The following are the facts of the case of Commissioner of internal revenue, petitioner vs. Kate j, Crinchton.The defendant and her children had a tract of land that has a developed side o and undeveloped part. They all owned the land in undivided interests. The fact that one of the lands was improved and the other one not developed lead to a difference in the exchange interests. Her children transferred to her their undivided interests in the developed part of the land and she made a counter offer of transferring to them 3/12 interest of the country land. The transfer-included oil, gas and any other mineral produced above or below the land. Kate the respondent, made a gain of $15357.77 on the ½ interest conveyed to her.
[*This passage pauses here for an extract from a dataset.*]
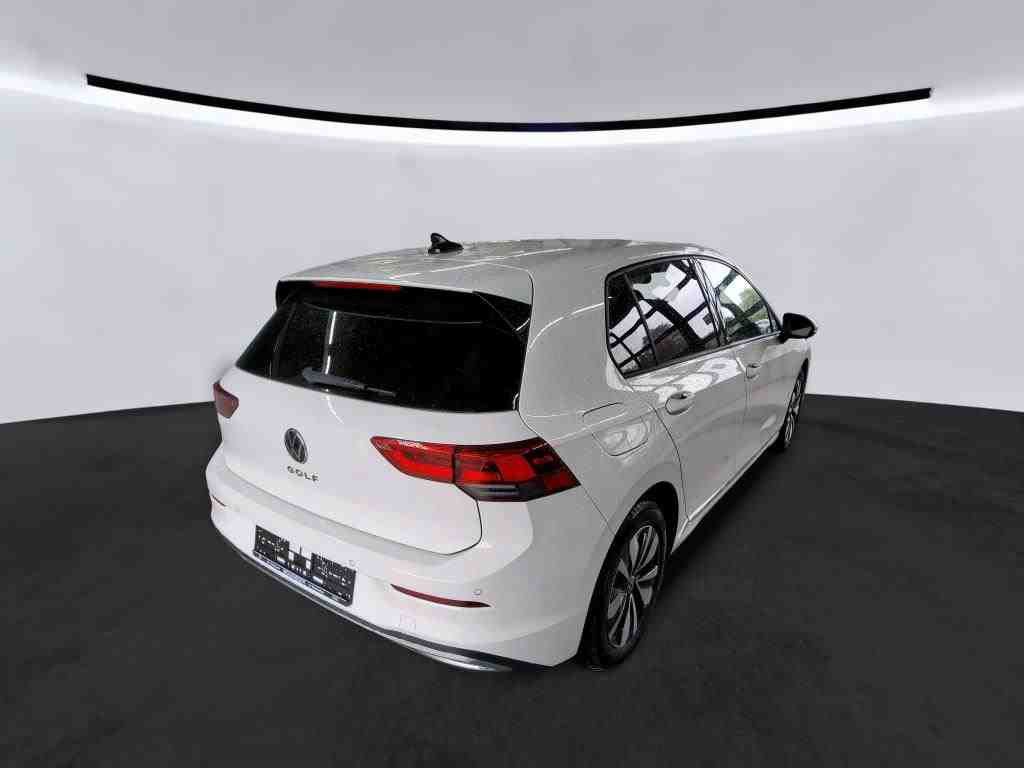 Volkswagen Golf 2024 г. Белый, пробег 23510 км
The interest she transferred to her children had a cost basis of zero.
The issue was the respondent treated her transfer of property as one of like kind and therefore non-taxable under section 112-B-1 revenue act of 1936. IRS on the other hand was of the opinion that there was a capital gain of $15357.77 and the respondent leading to a deficient of $628.66 in her calculation for tax revenue. They upheld this decision in accordance with section .7 of the revenue act of 1936.the tax respondent appealed to the board of tax and Board .2 held that the exchange was in kind and it determined a new deficiency of $86.46.the commissioner decided that the board had made a wrong decision.
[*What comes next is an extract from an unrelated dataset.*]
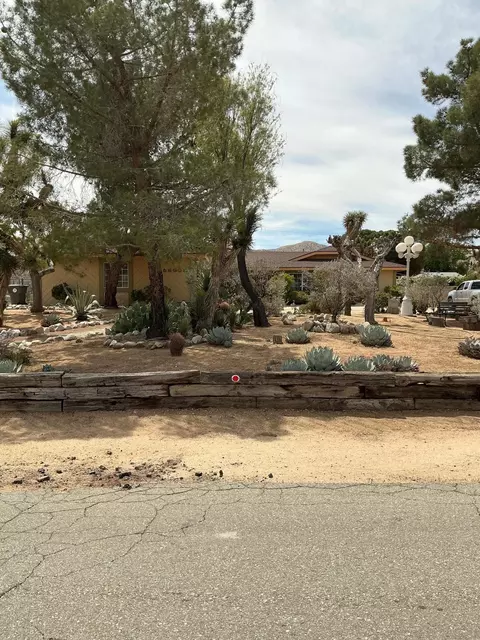 56605 Navajo Trl, Yucca Valley, CA 92284
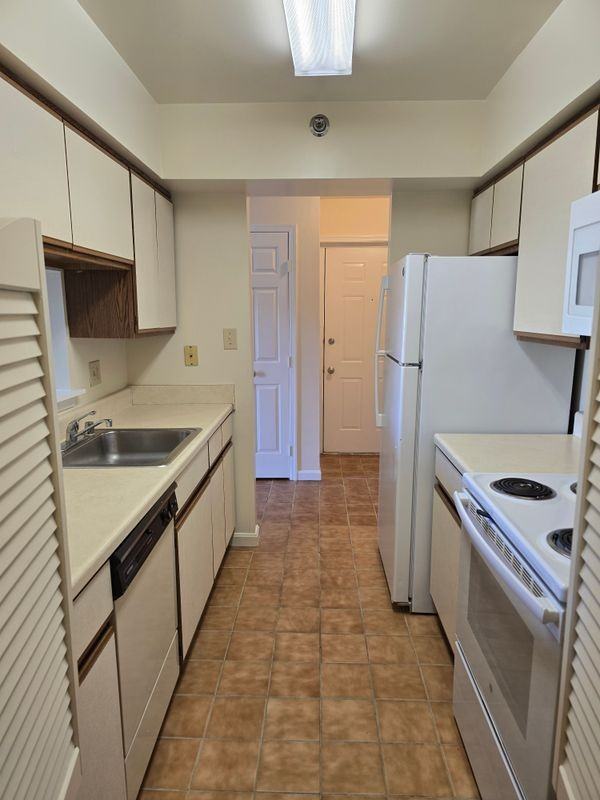 800 Thomas Ct ##1 - Photo 5 of 15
The appeals court was to decide whether the exchange was non- taxable. The court considered the following issues before making its decision. The statute of the revenue act was not very clear if interpreted alone and it would cause some difficulties. Therefore, the most favorable statute to consider was the Treasury regulations 94.3 that are clearer. Under this statute, the case of Helvering co. Vs Reynolds Tobacco Company was decided and from that day, the statue has been interpreted for many cases .the revenue act was very general to be used in deciding the case.
The court conclusion was that the boards’ ruling was upheld and its reasoning and explanations are as discussed below.
I agree with the court's ruling of upholding that the property was personal and therefore there was no taxable gain from it. This is because one family owned the land in the developed part of town and undeveloped part. There was no dealer involved in the transfer; therefore, the gain remained in the family. The transfer was not commercial in nature and the family realized the gains. It was just a swap of interests from the children to their mother.